La erosión silenciosa: tras "El Estado prostituido"

 

                                                                             
Ruinas del Partenón en Atenas, simbolizando la decadencia silenciosa de las instituciones y los valores en la sociedad actual.

La erosión silenciosa desgasta imperios, culturas y conciencias sin que apenas lo notemos


José Manuel Fernández Outeiral

Este texto es una continuación natural de mi artículo publicado el 20 de diciembre de 2021, "El Estado prostituido y el individuo degradado", en el que expuse, con total sinceridad y sin ataduras partidistas, la situación de decadencia política, moral y social que atraviesa España.
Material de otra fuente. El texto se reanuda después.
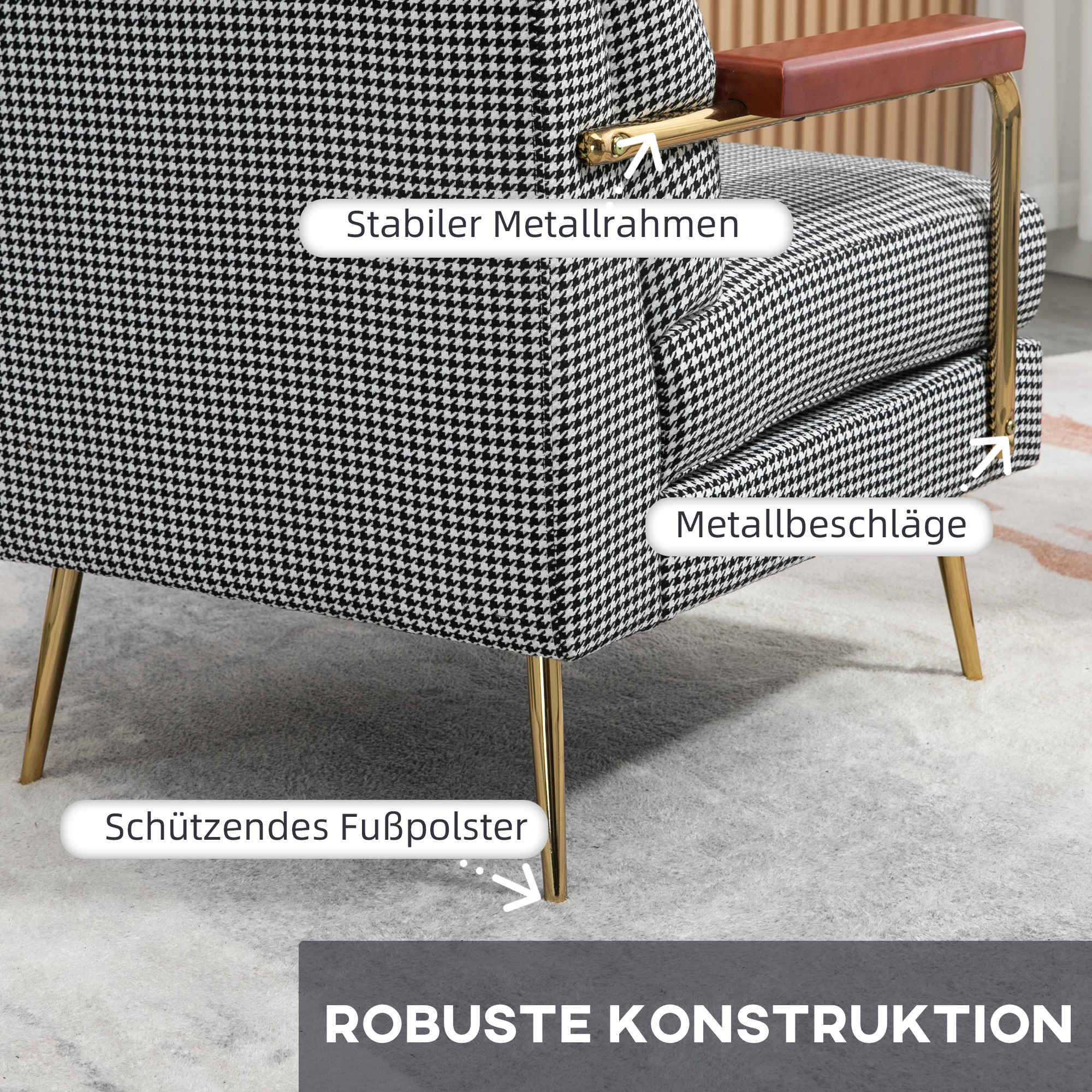 HOMCOM Fauteuil in retrodesign, accentstoel, pied-de-poulepatroon, houten elementen, binnenvering, zwart+wit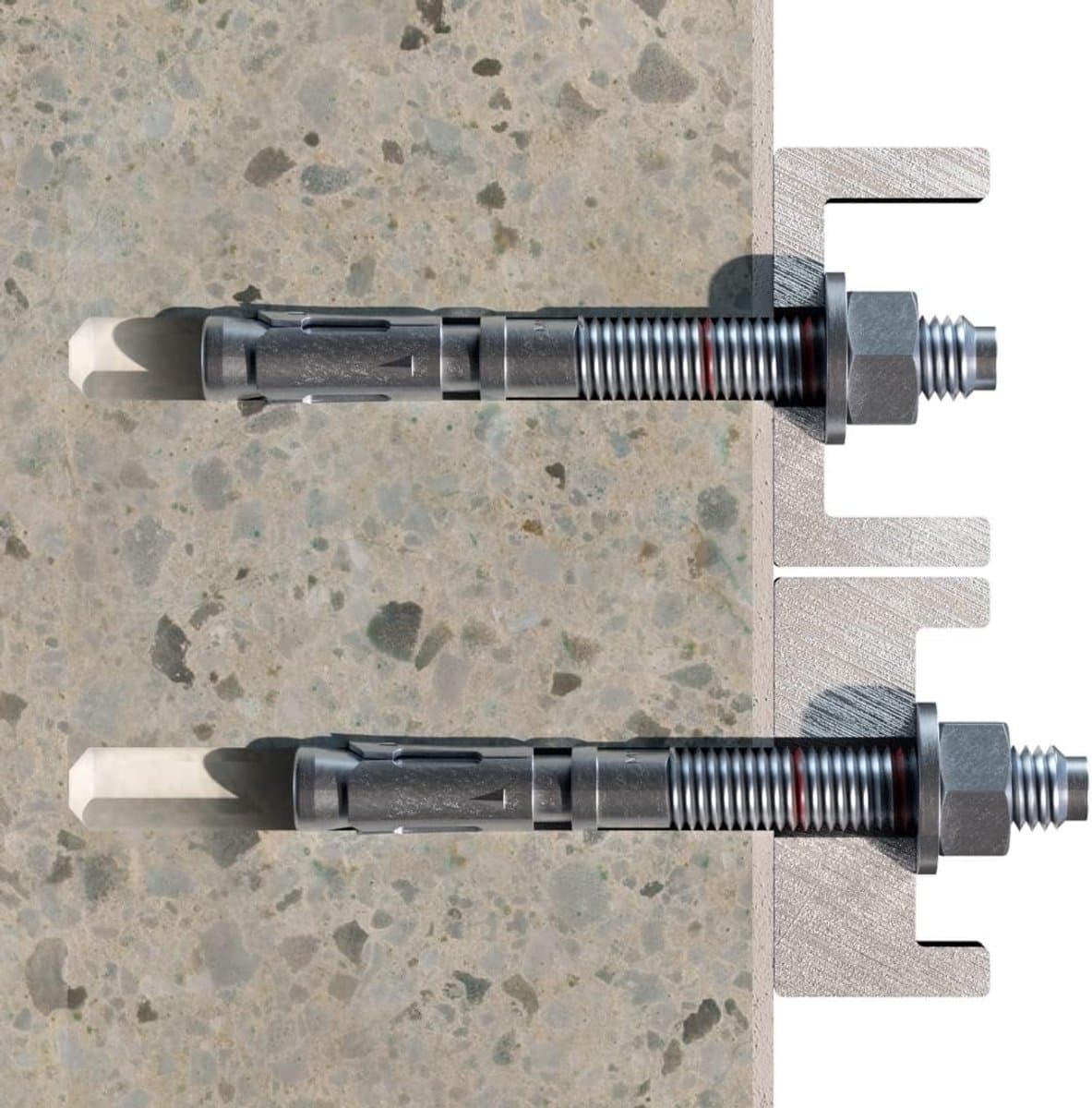 Betonanker Roestvrij Staal - Wiganker Hoge Last - Structurele Bevestiging - Roestvrij Staal A2 - M6 x 160 mm - Grijs — afbeelding 1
Hoy, con el paso del tiempo y la confirmación de muchas de aquellas observaciones, deseo profundizar en uno de los pilares más graves de esa erosión democrática: el vaciamiento institucional del Tribunal Constitucional. 

La erosión que antes describí como general y sistémica se materializa ahora en casos concretos. La democracia no se desintegra con un solo golpe, sino por el desgaste acumulado, la pérdida de principios y la pasividad de los ciudadanos. El deterioro del Tribunal Constitucional es uno de los símbolos más elocuentes de este proceso.
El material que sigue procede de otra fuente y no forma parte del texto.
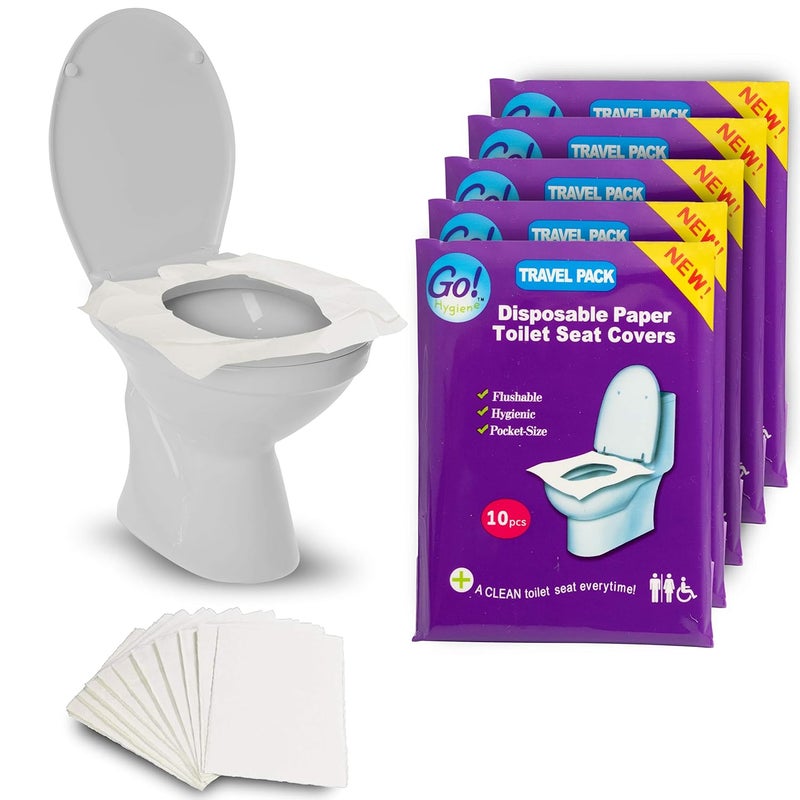 GoHygiene XL Travel Pack of 4 Packs (40-Count) + 1 Free Pack (10-Count) ! - Disposable Toilet Seat Covers - New! - Image 1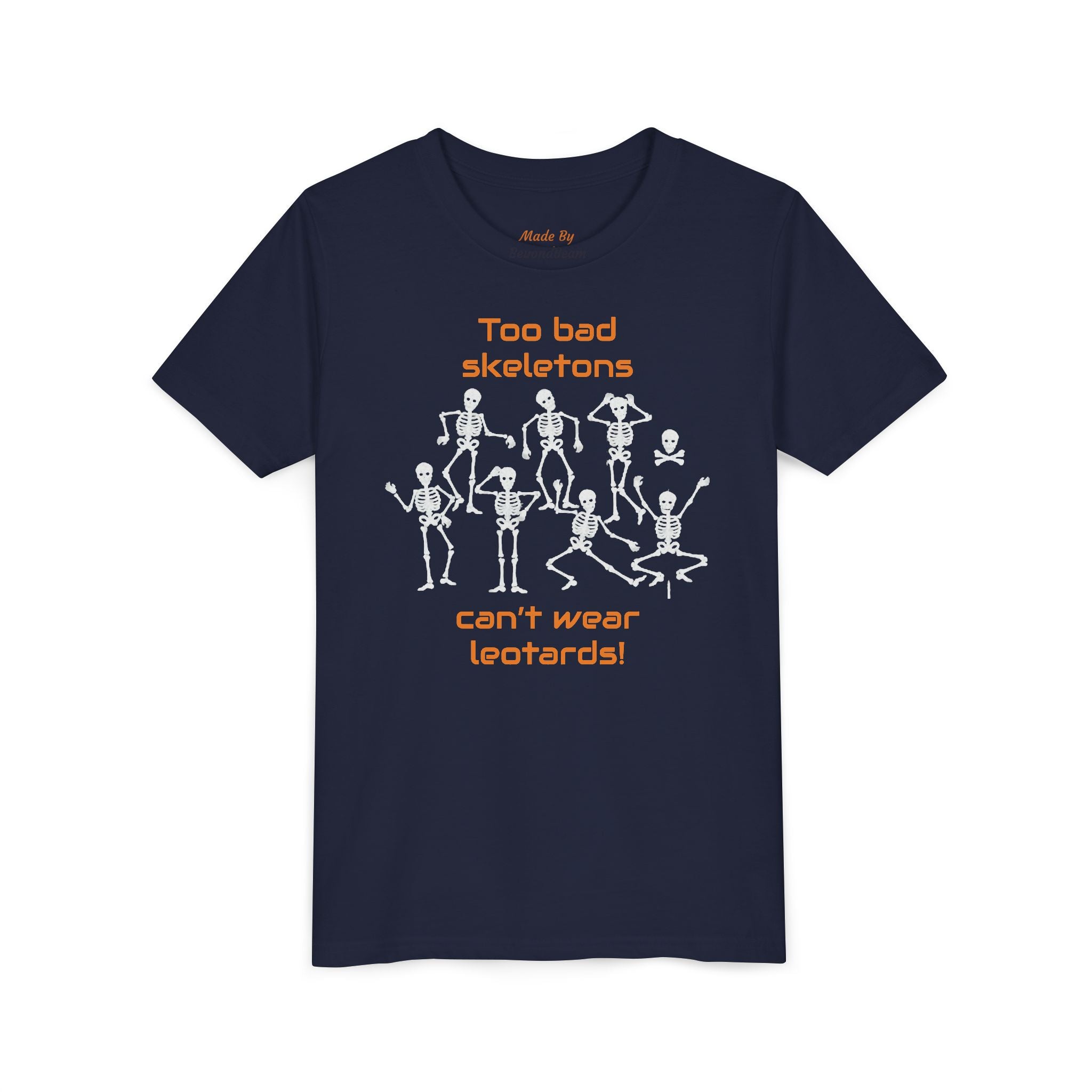 Kids Halloween Gymnastics Tee – ‘Too Bad Skeletons Can’t Wear Leotards!’ (Kids)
Un Tribunal Constitucional sin autoridad moral

Este órgano, que debería ser el árbitro neutral y supremo del sistema democrático español, se ha convertido en una pieza más del engranaje político. Su composición responde a cuotas partidistas y no a méritos jurídicos. La mayoría de sus miembros son nombrados por órganos de naturaleza política (Congreso, Senado, Gobierno y CGPJ), y muchos carecen de trayectoria constitucional seria.

Ya no se percibe como un tribunal de garantías, sino como un tribunal de conveniencia. Sus sentencias, lejos de pacificar, alimentan la polarización. Y lo más grave: la ciudadanía ha dejado de confiar en él.
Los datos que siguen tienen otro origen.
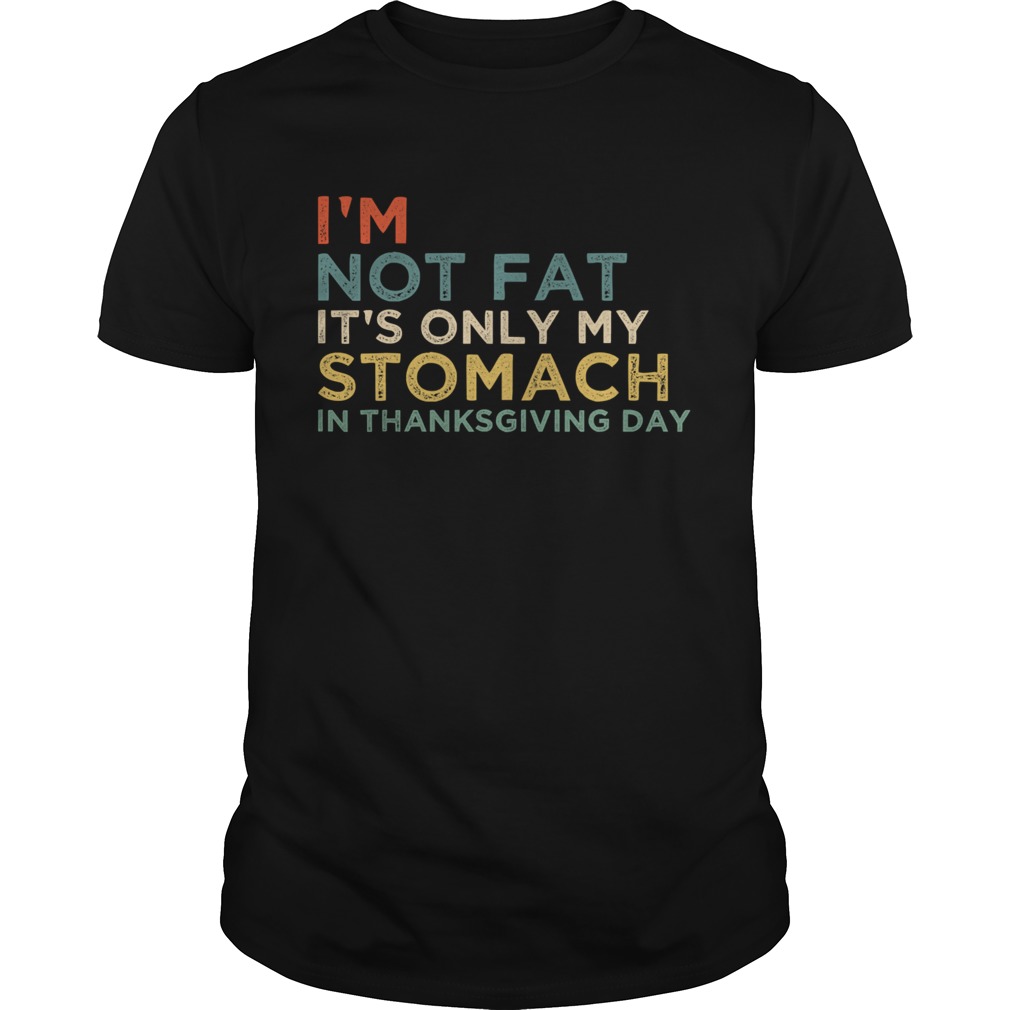 Im Not Fat Its Only My Stomach In Thanksgiving Day Vintage shirt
Un ejemplo flagrante de esta desnaturalización fue la reciente sentencia del Tribunal Constitucional que revocó, en parte, las condenas dictadas por el Tribunal Supremo en el caso de los ERE andaluces, uno de los mayores escándalos de corrupción institucional en la historia democrática de España. El TC no se limitó a ejercer su función garantista, sino que entró a valorar hechos y pruebas, desplazando de facto al Supremo en una tarea que no le compete. Esta sentencia no solo ha dañado la credibilidad del alto tribunal, sino que ha sembrado la percepción, ampliamente compartida, de que la justicia es reversible según intereses políticos. El Tribunal Constitucional ha dejado de ser un garante para convertirse en un corrector ideológico del poder judicial.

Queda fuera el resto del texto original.